What the task asks
When you write out the listing below, keep each word exactly as it stands and drop the pictures.

═════ Data ═════

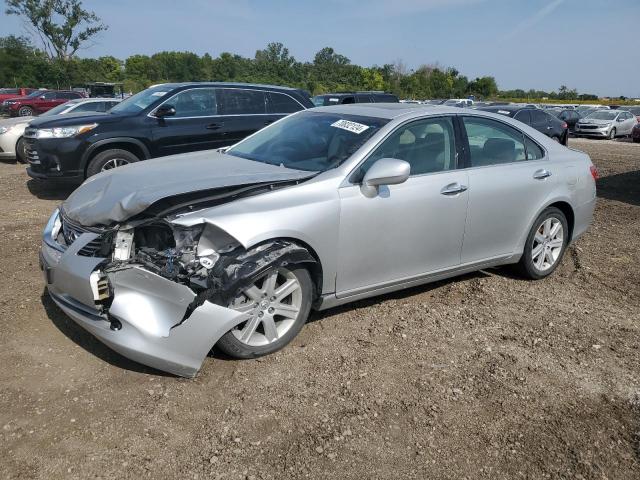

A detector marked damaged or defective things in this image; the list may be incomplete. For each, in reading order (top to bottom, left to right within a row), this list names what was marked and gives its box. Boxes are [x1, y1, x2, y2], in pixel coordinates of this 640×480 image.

crumpled hood [61, 149, 316, 226]
damaged front end [41, 204, 316, 376]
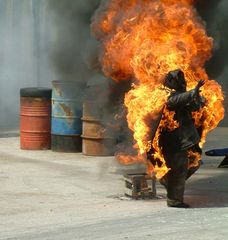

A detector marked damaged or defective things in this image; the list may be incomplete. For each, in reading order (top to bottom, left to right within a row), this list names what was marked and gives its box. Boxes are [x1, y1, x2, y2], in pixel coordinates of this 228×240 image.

rusty drum [20, 87, 51, 149]
rusty drum [51, 80, 82, 152]
rusty drum [81, 101, 115, 156]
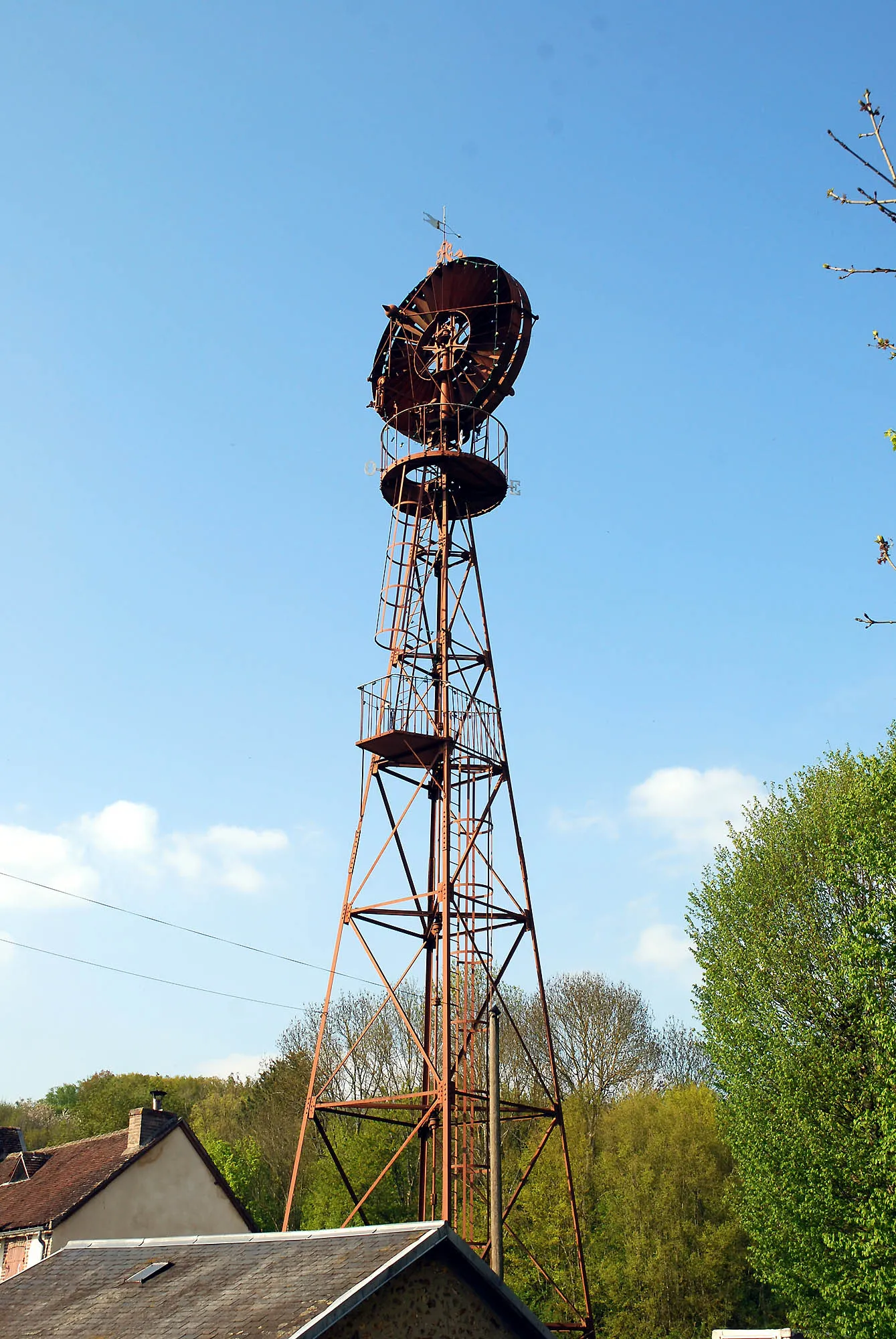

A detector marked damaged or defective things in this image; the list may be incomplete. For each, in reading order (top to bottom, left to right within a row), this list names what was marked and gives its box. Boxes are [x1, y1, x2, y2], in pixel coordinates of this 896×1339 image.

rusty steel tower [287, 249, 594, 1328]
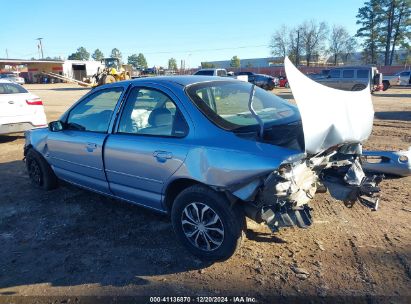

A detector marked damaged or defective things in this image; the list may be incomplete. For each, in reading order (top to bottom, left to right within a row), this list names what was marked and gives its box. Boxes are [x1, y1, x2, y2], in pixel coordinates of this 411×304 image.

crumpled hood [286, 57, 376, 154]
damaged front end [240, 144, 384, 232]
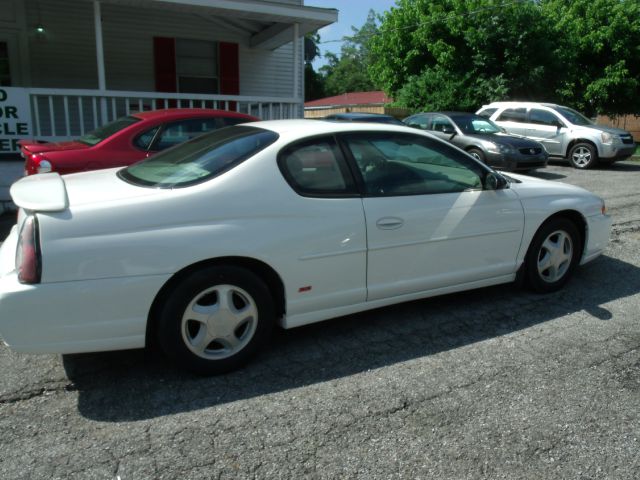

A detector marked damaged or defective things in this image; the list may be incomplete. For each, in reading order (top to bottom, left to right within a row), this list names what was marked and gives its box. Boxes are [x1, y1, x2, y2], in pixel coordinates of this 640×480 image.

cracked pavement [1, 159, 640, 478]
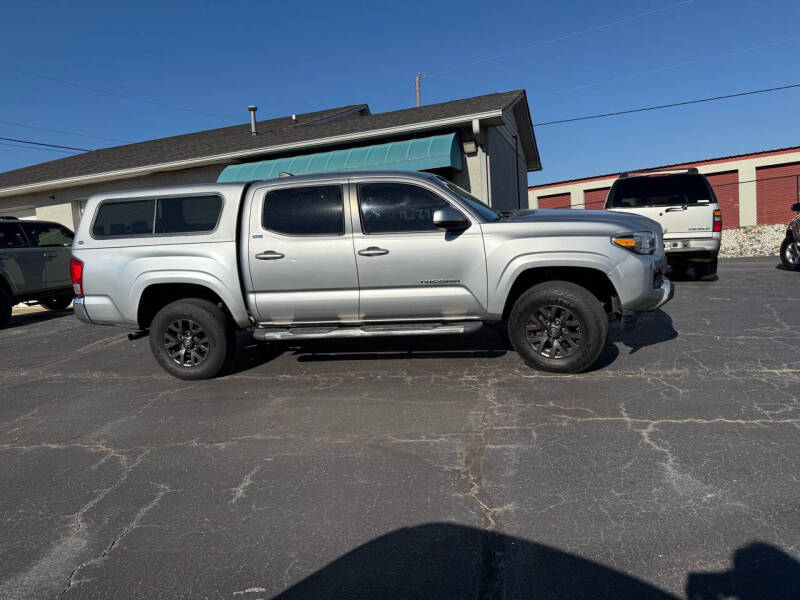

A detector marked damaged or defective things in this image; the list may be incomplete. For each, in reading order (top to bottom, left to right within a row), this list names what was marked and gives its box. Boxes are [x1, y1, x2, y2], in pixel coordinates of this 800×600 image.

cracked asphalt [1, 255, 800, 596]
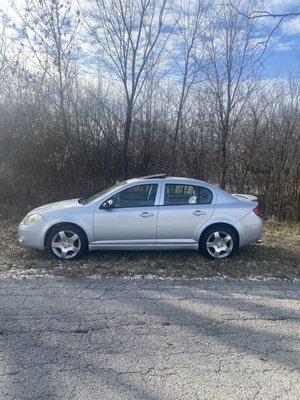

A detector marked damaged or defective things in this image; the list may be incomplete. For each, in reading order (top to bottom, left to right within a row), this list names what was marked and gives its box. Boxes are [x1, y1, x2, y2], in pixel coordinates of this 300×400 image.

cracked asphalt [0, 278, 298, 400]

═════

Finished exercise
A detector marked damaged or defective things in this image; the list may be incomplete. For each, in reading order (top to bottom, left to right within a row), this list names what was marked and gives its box. Boxes are [x1, y1, x2, y2], in pixel coordinates of this 640×480 image.

crumpled hood [61, 149, 316, 226]
damaged front end [41, 204, 316, 376]

A detector marked damaged or defective things in this image; the list may be incomplete. For each, in reading order (top to bottom, left to right within a row), this list names what was marked and gives its box. Boxes are [x1, y1, x2, y2], in pixel coordinates of this 228×240 image.

rusty drum [20, 87, 51, 149]
rusty drum [51, 80, 82, 152]
rusty drum [81, 101, 115, 156]

A detector marked damaged or defective things in this image; the list may be incomplete. For each, in reading order (top to bottom, left to right within a row), this list names what was marked and gives its box. Boxes are [x1, y1, x2, y2], in pixel coordinates of this 896×1339 image.

rusty steel tower [287, 249, 594, 1328]

A detector marked damaged or defective things in this image; the list may be incomplete. For each, in reading order (top to bottom, left to right within a row), this list names what was marked and gives its box. Boxes are [x1, y1, x2, y2], in pixel coordinates of this 411×304 image.

crumpled hood [286, 57, 376, 154]
damaged front end [240, 144, 384, 232]

A detector marked damaged or defective things in this image; the list may be incomplete. For each, in reading order (top to bottom, left to right within a row), this list names what was marked and gives its box. Boxes are [x1, y1, x2, y2], in pixel coordinates of this 640×480 image.

cracked pavement [1, 159, 640, 478]

A detector marked damaged or defective things in this image; the list may be incomplete. For each, in reading order (top to bottom, left to right within a row), this list names what was marked and gives its box. Boxes are [x1, y1, x2, y2], in pixel coordinates of this 800×600 image.

cracked asphalt [1, 255, 800, 596]

A detector marked damaged or defective things in this image; the list may be incomplete. For each, in reading order (top to bottom, left to right within a row), this list names what was marked and gives its box. Boxes are [x1, y1, x2, y2], in pixel coordinates of this 300×400 image.

cracked asphalt [0, 278, 298, 400]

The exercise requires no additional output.